Ex Machina

Easing digital map creation could leapfrog us ahead

Doing away with obsolete clamps on map-making could yield wide-ranging gains for India’s economy

Rahul Matthan
Updated17 Nov 2020, 08:43 PM IST
Photo: Ramesh Pathania/Mint
Photo: Ramesh Pathania/Mint

Last week, I came across an interesting article that discussed the economic consequences of low discoverability of localities in India. The authors compared the cost of last-mile delivery in the US to that in India, in an attempt to estimate the costs that businesses here have to incur on account of the fact that we lack an accurate house-level addressing system. They found that in the US, last-mile delivery was just 10% of the total cost. In India, on the other hand, despite the far lower cost of labour, last mile costs could be as high as 30%. They estimated that on account of the poor state of location services in India, the country as a whole stood to lose between $10 billion and $14 billion per year.

But we don’t need a research paper to tell us this. This is a frustration we all experience each time we receive a courier package. We have all had to guide delivery boys on the phone, providing them step-by-step directions even though they use location services that should have brought them to the right destination. When friends visit us for the first time, we make sure that they have contextual landmarks—since our address itself has little navigational utility. We take all this in our stride, accepting that these are minor inconveniences that are part and parcel of life in India.

For too long in this country, we have ignored the importance of maps. Thanks to draconian regulations that require everyone engaged in this business to take permissions for virtually everything they do, there has been little innovation in this field. In an earlier article, I discussed how the regulatory quagmire we find ourselves in today owes its origin to the days when maps were surface-referenced. At the time, possession of maps was a strategic advantage that nations guarded zealously. However, none of this is relevant anymore. Global Positioning System (GPS) technology has advanced to the point where earth-centred maps are so accurate that considerations such as surface-reference have no significance anymore. This makes the restrictions we impose on the export of maps that much more confounding. If highly accurate maps of India are available anywhere in the world today, it is truly pointless to place export control restrictions on them.

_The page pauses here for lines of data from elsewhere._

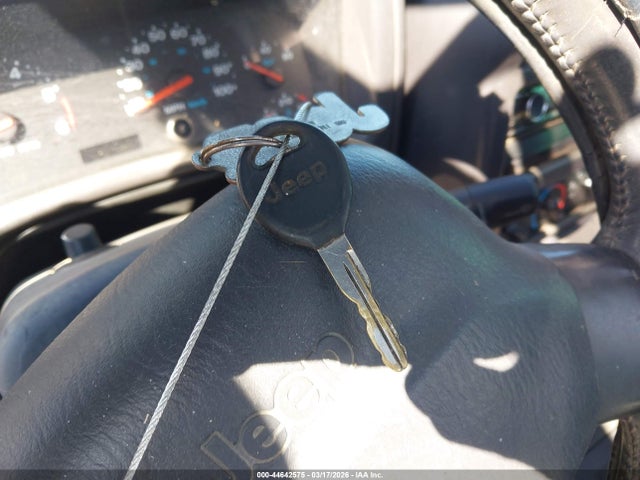 2001 JEEP WRANGLER 1J4FA49S61P357592 Photo 10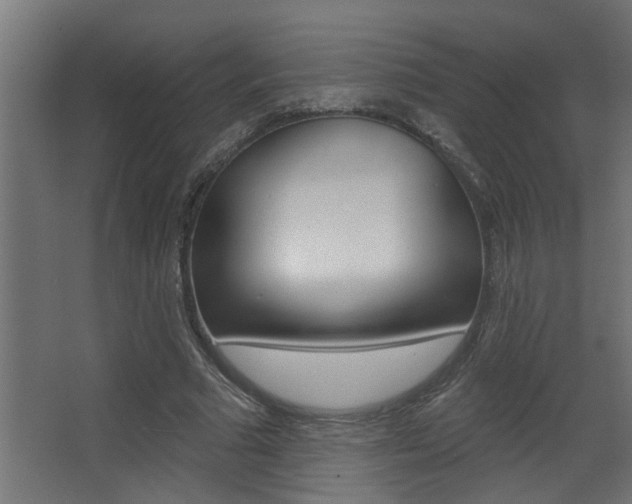 X0000068270681200604210941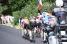 The breakaway with Mauro Schmid, Richard Carapaz, Valentin Paret-Peintre, Tobias Johannessen, Raul Garcia Pierna and Matteo Jorgenson (stage 18) (2) (39x)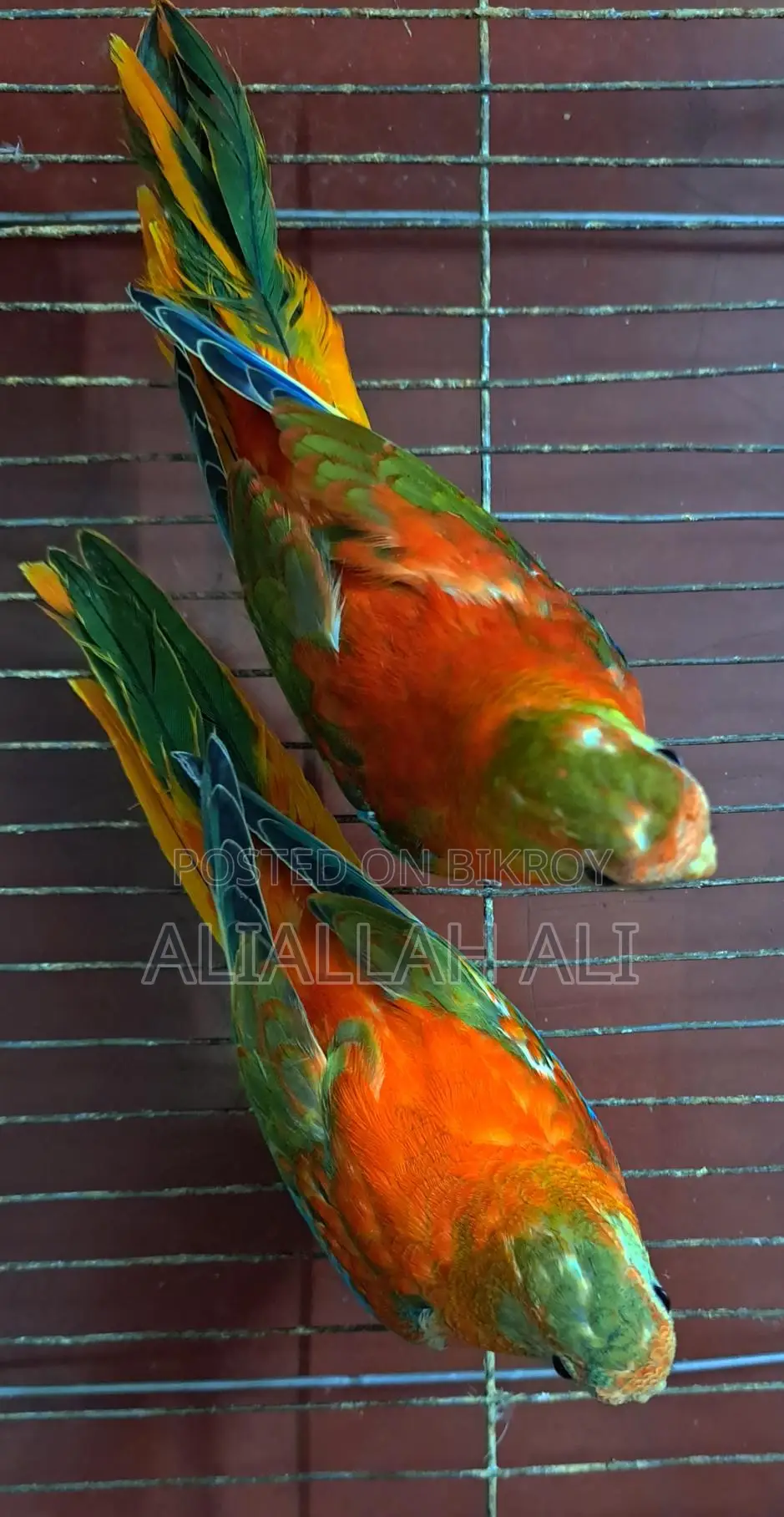 Turquoisine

Not many people know that Google Map Maker, the technology behind the most widely used digital map in the world, was developed in Bangalore. Despite having the technical ability to build world-class maps, India has not been able to use this expertise to its advantage primarily because of regulations on the process of map creation. As a result, companies that need accurate location services to be able to ply their business in India—e-commerce, logistics, transport, delivery—all have to rely on maps produced and maintained by companies that operate from outside the country and that make their services available through internet clouds.

We have truly missed the bus in digital mapping. Even if we reverse all the repressive regulations that have held us back for decades, there is no way that Indian technology companies will be able to make up the ground it has already lost.

Which is why it is fortunate that we are at a moment in time when the map industry as we know it is on the verge of a radical transformation.

Today’s maps are made from satellite images that are augmented with on-ground modifications. Once drones, street-level 360 cameras and Light Detection and Ranging (LIDAR) are available at scale, we will witness a technology shift in map-making as momentous as we saw when GPS-enabled smartphones made everyone a map-maker. LIDAR is already standard equipment in high-end mobile phones and semi-autonomous cars, even as drones and 360-degree cameras grow ubiquitous. These technologies are at a point where they can be deployed at scale, giving us three new ways in which to map our world. When this happens, we will be able to create maps that are accurate to under 5 centimetres—and do so in three dimensions, allowing us to do things with maps that were simply not possible previously.

Such precise cartography will open up a whole new range of services. Inventory management companies will be able to automate their processes far more extensively, just as utility services will be able to dramatically improve the efficiency of their installed assets. Once we can map the world in three dimensions, it will open up for us a new world of opportunities in logistics and delivery, while also paving the way for truly autonomous vehicles.

But if we are to capitalize on the next wave of map technology, we must first rectify the mistakes of the past. We need to rescind the repressive approval processes that have hamstrung the map industry, and permit companies to map whatever they want—barring a list of sensitive areas that should be clearly demarcated as such with GPS coordinates. At the same time, we should enact policies that liberalize the use of LIDAR, drones and 360-degree camera technologies, and give Indian companies the exclusive right to create hyper-resolution maps of the country. This will encourage innovation in the sector and ensure that any advances that are made as a result of these policies appropriately accrue to us in India.

We may have skipped a generation in mapping technology, but if we now play our cards right, we should be able to leapfrog directly to the future.